International career^{‡}
- 2007–2008: Albania U-19 / 0 / (0)

= Enri Tafaj =

Albanian footballer

Enri Tafaj (born 22 May 1989) is an Albanian professional footballer who plays as a midfielder.

==Club career==
Tafaj began his career in 2007 with KF Tirana after working his way up through the youth setup at the club. He joined up with the first team during the winter break in the 2006–07 season. He made his league debut with KF Tirana in round 32 of the 2006–07 Albanian Superliga season on 12 May 2007. The match was against Teuta Durres at the Niko Dovana Stadium. Tafaj started the game and played the whole 90 minutes.

He made no further Superliga appearances for Tirana, and in January 2009 he joined KS Dajti on loan for the rest of the season to gain experience.

He then moved to FC Kamza, as KS Dajti had been renamed. He spent the early part of the 2010–11 season on loan at Laçi, but played only once, in a 7–1 defeat in the second leg of the Europa League first qualifying round match against Dnepr Mogilev. In the 2011–12 Superliga season, Tafaj played regularly for Kamza. He scored only once, a late consolation in a 2–1 defeat at Pogradeci. He took part in the relegation "play-out", as Kamza lost to Besa Tavaje to return to the First Division after just one season.

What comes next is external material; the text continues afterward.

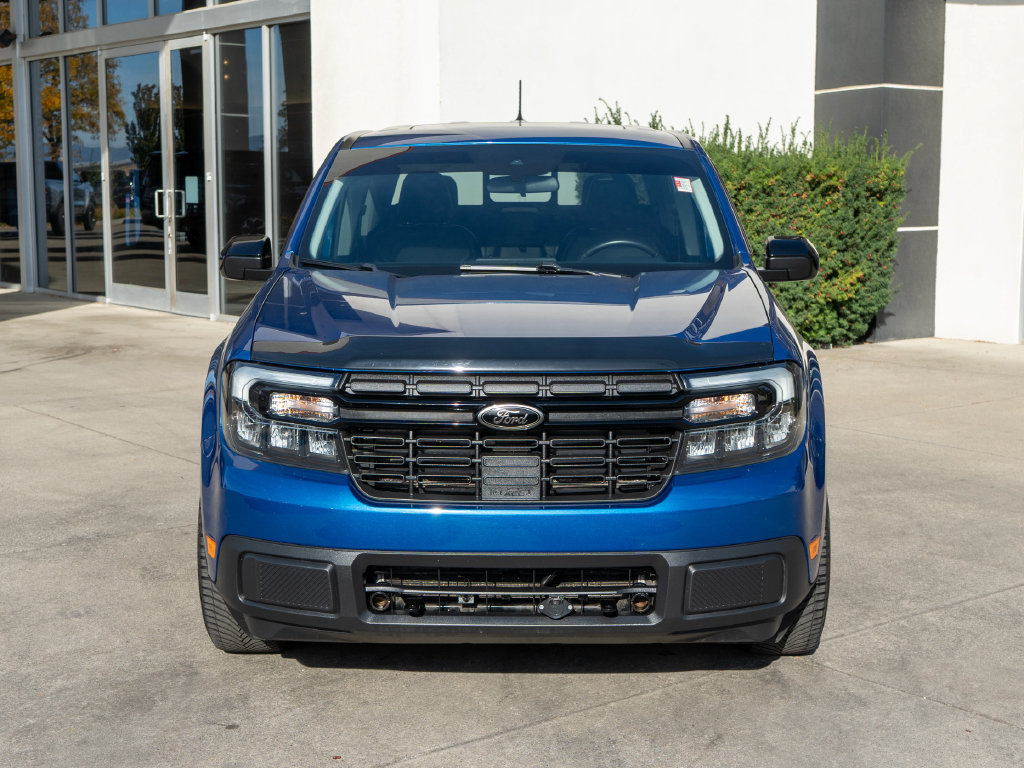 Used 2023 Ford Maverick Lariat w/ Lariat Luxury Package FWD image 2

Tafaj returned to pre-season training with Kamza, but joined Superliga side Tomori Berat before the start of the 2012–13 season, where he was converted from midfielder to defender.

==International career==
Tafaj was called up to the Albania under-19 team for the Slovakia Cup tournament in April and May 2007, and also played twice in qualifying for the UEFA under-19 championships. In October 2008, he was called up to the Albania under-21 team to face their Macedonian counterparts, but took no part in the match.